Nel 1924, quasi quarantenne, Palanti torna in Italia e offre a Mussolini l’immobile più elevato al mondo: l’Eternale, 88 piani in bianchissimo marmo di Carrara. Doveva occupare 70mila metri quadrati, 250 di larghezza. Nell’immenso emiciclo alla base, «4.500 stanze, 100 grandi saloni», con Parlamento, Governo, sale da conferenze, palestre, una stazione telefonica e telegrafica, e perfino un osservatorio astronomico.
La struttura, spiegava l’architetto, avrebbe ospitato anche un Augusteo mussoliniano, le terme e una chiesa: «Dovrà essere l’apoteosi architettonica» di Roma. I costi di gestione era previsto che venissero coperti dalle entrate di un ostello: «Il più grande e più organico del mondo». La location era quasi accanto a Montecitorio: tra le vie del Corso e di Ripetta, nel cuore della capitale. Avrebbe monopolizzato metà quartiere: un epico sventramento. Un rendering di Adam Nathaniel Furman mostra tutta l’imponenza dello sfregio immaginato.
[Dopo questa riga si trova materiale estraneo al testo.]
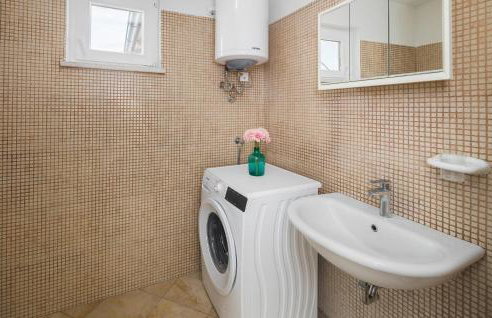 Nice Home In Buzet With Sauna - Photo 44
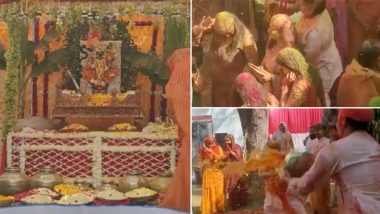 Holi 2023: Devotees Gather to Celebrate Festival of Colour in Sharnagati Ashram Vrindavan (Watch Video)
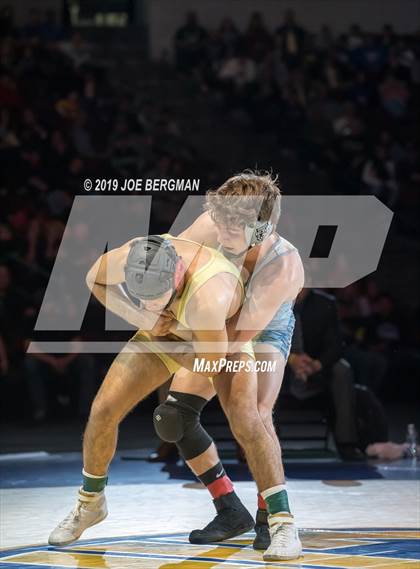 Thumbnail 2 in CIF State Boys Wrestling Championships (Finals; 152lbs - 285llbs) photogallery.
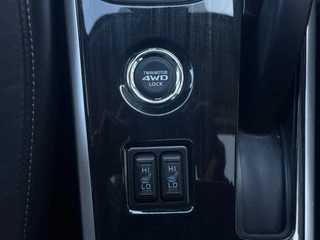 Mitsubishi Outlander Mitsubishi Outlander 2.0 PHEV 4x4 | Luxe | Rockford Audio | 360° Camera | Navi | Schuif-/kanteldak - afbeelding nr 26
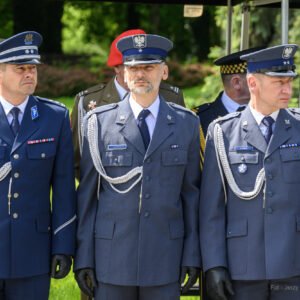 Zdjęcie przedstawia uczestników obchodów Narodowego Dnia Zwycięstwa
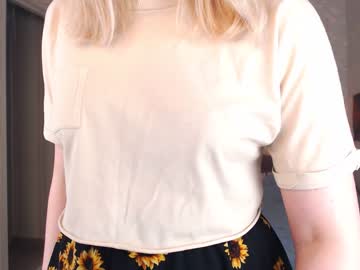 girl
        tendermoon__ cam image #3327957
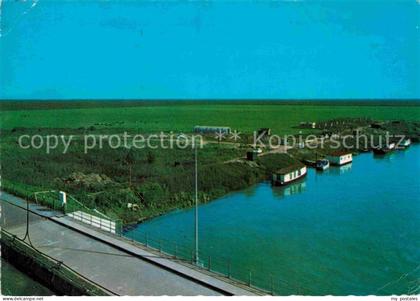 Lelystad Hausboote am Kanal Landschaftspanorama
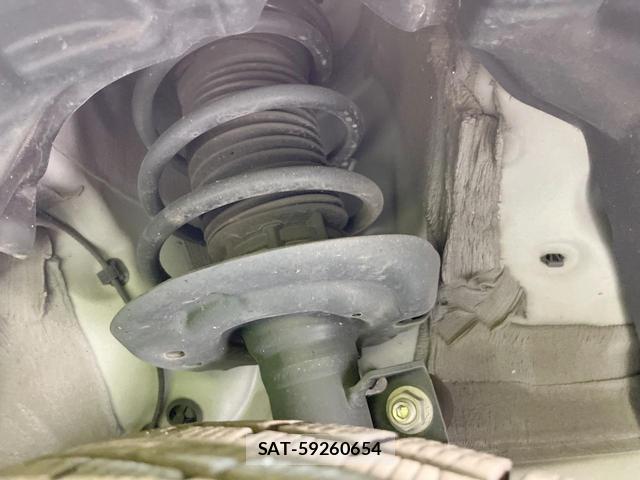 Toyota YARIS 2023-08 8876585-19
Mussolini ne è estasiato e discute i dettagli del progetto. Palanti (pare) gli regala addirittura un cane, un piccolo Greyhound. I disegni sono esposti a Palazzo Chigi, ancora sede del capo del Governo. Per il duce l’architetto conosceva «gli ardimenti latini e romani della costruzione» e intendeva spostare sull’altro lato dell’Oceano «la celebrità degli edifici americani». All’edizione del progetto, nel 1926, offre la dedica autografa, e tanto di «alalà» finale.
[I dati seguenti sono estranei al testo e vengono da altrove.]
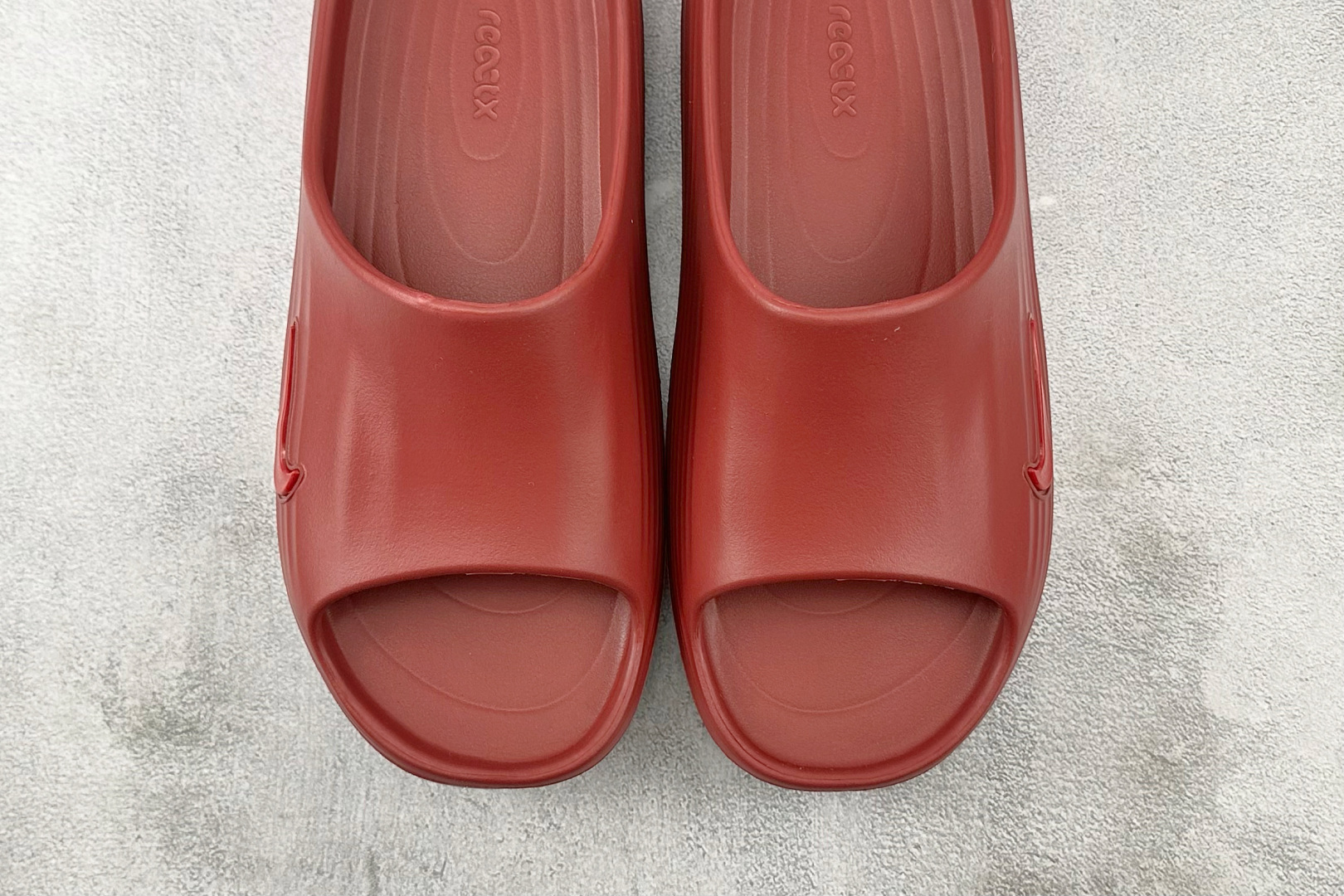 Nike ReactX Rejuven8 红色 HV4479-600
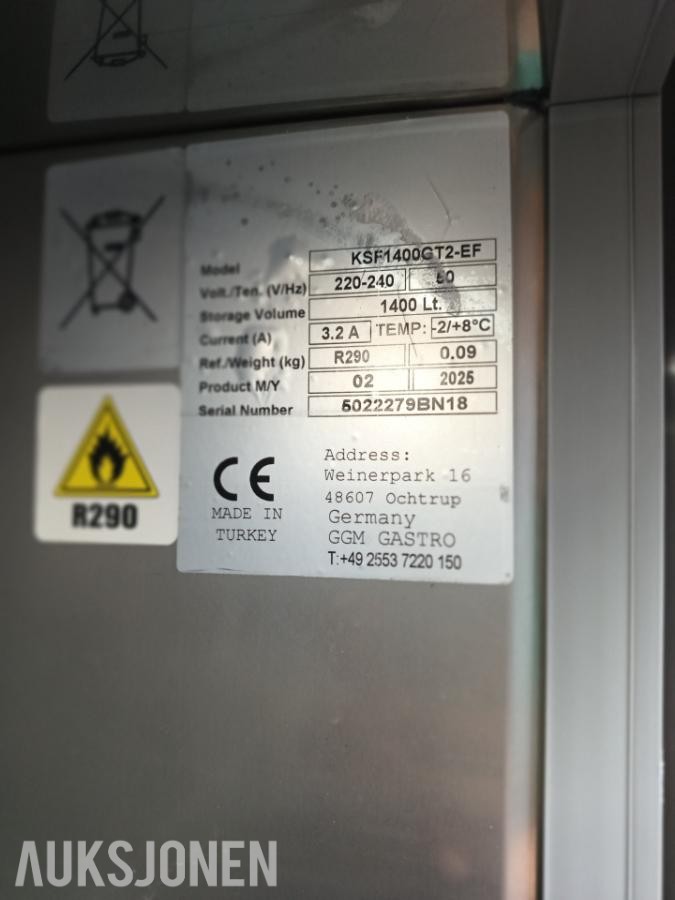 GGM Gastro KSF1400GT2-EF – 1400 L kjøleskap med 2 glassdører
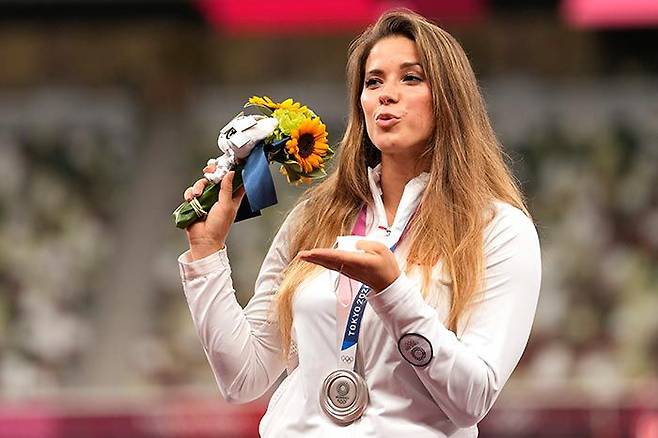 2020 도쿄올림픽에서 은메달을 딴 폴란드의 여자 창던지기 선수 마리아 안드레이치크가 지난 7일 시상대에 선 모습. 그는 생면부지의 아이를 구하기 위해 이날 목에 건 은메달을 기꺼이 경매에 내놨다. /AP 연합뉴스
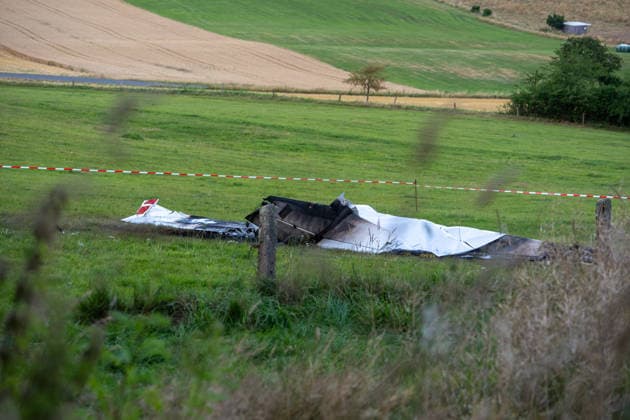 Kleinflugzeug abgestürzt und in Brand geraten Eine Person ums Leben gekommen Am 16.07.2026 stürzte gegen 16:00 Uhr in unmittelbarer Nähe des Flugplatzes Mengeringhausen ein motorisiertes Kleinflugzeug ab. Die Maschine geriet an der Absturzstelle in Brand. Bei dem Absturz kam eine Person zu Tode. Zu den Umständen des Absturzes ermitteln die Bundesstelle für Flugunfalluntersuchungen und die Kriminalpolizei. Angaben zu der tödlich verletzten Person liegen bislang nicht vor. Mengeringhausen Hessen Deutschland *** Small Plane Crashed and Caught Fire; One Person Killed On July 16, 2026, at approximately 4:00 p.m., a small motorized plane crashed in the immediate vicinity of the Mengeringhausen airfield. The aircraft caught fire at the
Per spiegare il fallimento dell’operazione serve una parentesi. Nel costruire italico allora esistevano due correnti di pensiero: una tradizionalista e l’altra più moderna. La prima incarnata da Ugo Ojetti (e non solo), grande firma del «Corriere della Sera», intellettuale assai autorevole, non a caso soprannominato «sua Eccellenza Archi e Colonne» (scrive Antonio Cederna in Mussolini urbanista, 1979); la seconda da Marcello Piacentini, che sopravviverà alla rovina del duce.
E sarà proprio Piacentini, benché fosse il massimo teorico del monumentalismo del regime, ad affossare l’idea di Palanti. Decreta: «Mai un grattacielo a Roma». Tanto che Torino avrà nel 1933 una Torre Littoria (poi divenuta della Reale Mutua): 109 metri, su Piazza Castello. E Milano, quella quasi coeva di Gio Ponti (poi Torre Branca nel Parco Sempione): 108 metri di ferro, per la cui edificazione bastarono 66 giorni.
Ne sorgeranno varie altre in tante città, ma la capitale rimarrà preservata. L’Eternale diminuisce via via le proprie pretese: dapprima riduce l’altezza da 330 metri a 300, poi a 130 e infine ad appena 80. Cambia anche la collocazione, dal pieno centro della città al più discosto e periferico viale Aventino. Ma tutto è inutile, non se ne farà mai nulla.